Irrespective of the merit of the high court judgment, the moot point is, to what extent does declaration of assets address corruption and transparency? Judges may disclose their income-tax returns and/ or a statement of assets, perhaps along with that of their spouses, though the high court judgment opines otherwise on this point. It is rather naïve to believe that gratification other than legal will be only in the form of money and also that such gratification would be reflected in the income-tax returns or statements of assets. As per the judgment of the Delhi High Court, the asset declaration made by judges to the CJI is “information” under the Right to Information Act. How is a citizen to use this information, forward queries or complaints to the Central Bureau of Investigation, the Central Vigilance Commission or to the income-tax department? Daring and spirited citizens can, of course, file public interest litigations, risking strictures and cost.
Systemic change
What we have is access to information with which we cannot do much. Disclosure of assets may not tangibly address corruption and transparency in the judiciary. Whether the decision to disclose assets by the CJI engenders faith in the public is debatable. In September, a group of counsels raised concerns regarding a certain Supreme Court justice nominee and, ironically, the allegations relate to “huge assets” acquired by the nominee. Lawyers from the state high court echoed these apprehensions. These concerns bring to focus the need for a mechanism to address allegations of corruption in the judiciary. The letter proceeds to request the CJI to take steps to “initiate a thorough enquiry into all the allegations” and take “appropriate action thereafter”. This leads to two questions: if the concerned judge was corrupt, why was he promoted to the high court bench in the first place? Secondly, would the allegations of corruption have had the same effect if he was not considered for the Supreme Court judgeship? Unfit to be a Supreme Court judge, but fit enough to be a high court judge? The existing mechanism of addressing acts of impropriety by judges (impeachment as per the Constitution) has been wholly unsatisfactory. The parliament’s response to this serious issue is hardly inspiring.

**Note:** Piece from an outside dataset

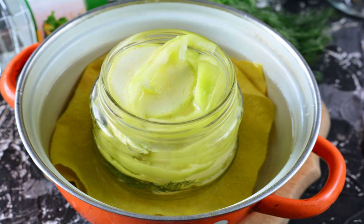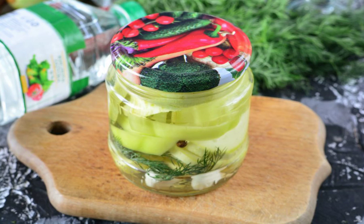Sterilize the workpiece for 10 minutes after the water in the pan boils. Put a clean cloth under the jars, roll up the jars with lids and you're done.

So, how are allegations of corruption against a judge to be handled, if disclosure of assets isn’t going to take us any further? A start can be made by ensuring that judges of integrity and competence are appointed through a more transparent system. A hearing, along the lines of the Senate Judiciary Committee on Supreme Court nominees, would help address the issue of transparency. But a more permanent mechanism for pursuing allegations of corruption within a legal framework needs to be evolved. We cannot hope to have judges with integrity if an opaque appointment system continues alongside a non-existent prosecution mechanism. The law minister should use his experience in the Administrative Reforms Committee to address these issues.